BIG DAYS 2011 - Parallel Programming

28 March 2011 - .NET

At the BIG>DAYS 2011, the largest roadshow of Microsoft in Austria with approx. 1,700 visitors, I do a session about parallel programming together with Andreas Schabus. In the session we start with the basics of parallel programming in .NET 4 and C# 4. Based on that we discuss the importance of parallel programming in Windows Azure and do demos for scaling out compute tasks into the cloud as well as a demo for parallel querying using the concept of horizontal sharding in the SQL Azure database layer.

If you are interested in the slides, here they are (unfortunately only available in German; however, samples are international by nature).

Today I found the time to record the introductory demo of the talk (my cat forced me to keep sitting in front of my computer by laying down on my lap so I had some minutes of "spare" time). If you are interested here is the video of the demo. If you are wondering what's the difference between tasks and threads in .NET 4 or you just want to get into parallel programming it could help.

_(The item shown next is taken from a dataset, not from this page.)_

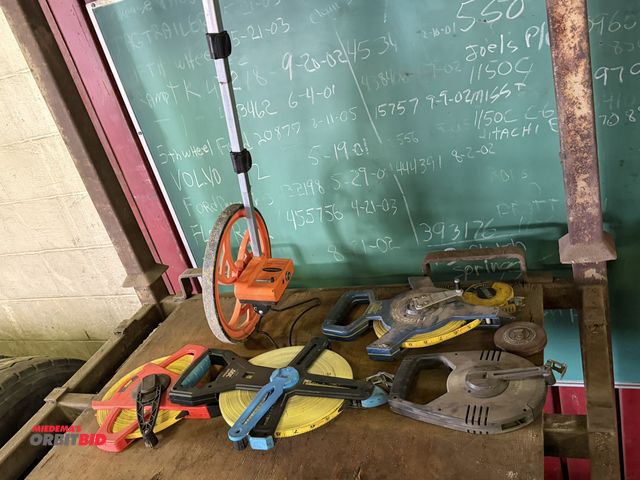 Lot 1-18207 - Lot including (1) Keson, model RR318N, portable roller type measuring tool, (2) 300' tape measures, ...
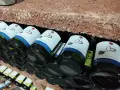 Bouteilles de cépage Pinot Gris d'Alsace, étiquetées "Famille Ancel", rangées sur une étagère en briques.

Step 1 - Performing a task in background

Action<Action> measure = (body) =>{ 
var startTime = DateTime.Now;
body();
Console.WriteLine("{0} {1}", Thread.CurrentThread.ManagedThreadId, DateTime.Now - startTime);
};

Action calcProcess = () => { for (int i = 0; i < 350000000; i++);};

measure(() =>{
var tasks = new[] {
Task.Factory.StartNew(() => measure(calcProcess)),
[]
Task.Factory.StartNew(() => measure(calcProcess))
};

Task.WaitAll(tasks);
});

You can write the last line of code much cleaner:

measure(() => { 
Task.WaitAll(Enumerable.Range(0, 10)
.Select(_ => Task.Factory.StartNew(() => measure(calcProcess)))
.ToArray());
});

Still a lot of code. It is much easier like this:

Parallel.For(0, 10, _ => { measure(calcProcess); });

Step 2 - Perform IO-bound tasks instead of parallel calculations

Take the first sample and simulate IO bound tasks instead of parallel calculations. You will see that TPL behaves differently (see videos for details):

Action<Action> measure = (body) =>{ 
var startTime = DateTime.Now;
body();
Console.WriteLine("{0} {1}", Thread.CurrentThread.ManagedThreadId,
DateTime.Now - startTime);
};

Action calcProcess = () => { for (int i = 0; i < 350000000; i++);};
Action ioProcess = () => { Thread.Sleep(1000); };

measure(() =>{
Task.WaitAll(Enumerable.Range(0, 10)
.Select(_ => Task.Factory.StartNew(() => measure(ioProcess)))
.ToArray());
});

Behind the scenes tasks are still using the good old thread pool. You can see that if you play around with the thread pool size (be very careful with that in real projects; think about writing your own scheduler if you really full control):

ThreadPool.SetMinThreads(5, 5); 
measure(() =>{
Task.WaitAll(Enumerable.Range(0, 10)
.Select(_ => Task.Factory.StartNew(() => measure(ioProcess)))
.ToArray());
});

Step 3 - Use PLINQ instead of TPL

PLINQ makes parallel programming sometimes easier. Check out how you could use it in the previous sample:

measure(() => Enumerable.Range(0, 10)
.AsParallel()
.ForAll(_ => measure(ioProcess)));

Note that you can write this much shorter:

measure(() => ParallelEnumerable.Range(0, 10) 
.ForAll(_ => measure(ioProcess)));

You can also control the degree of parallelism:

measure(() => ParallelEnumerable.Range(0, 10) 
.WithDegreeOfParallelism(5)
.ForAll(_ => measure(ioProcess)));

Step 4 - Data structures for parallel programming

Note that the following implementation of a producer/consumer pattern is TOTALLY WRONG because the old collections are not thread safe (there are many more mistakes in the following code so do not use it!!).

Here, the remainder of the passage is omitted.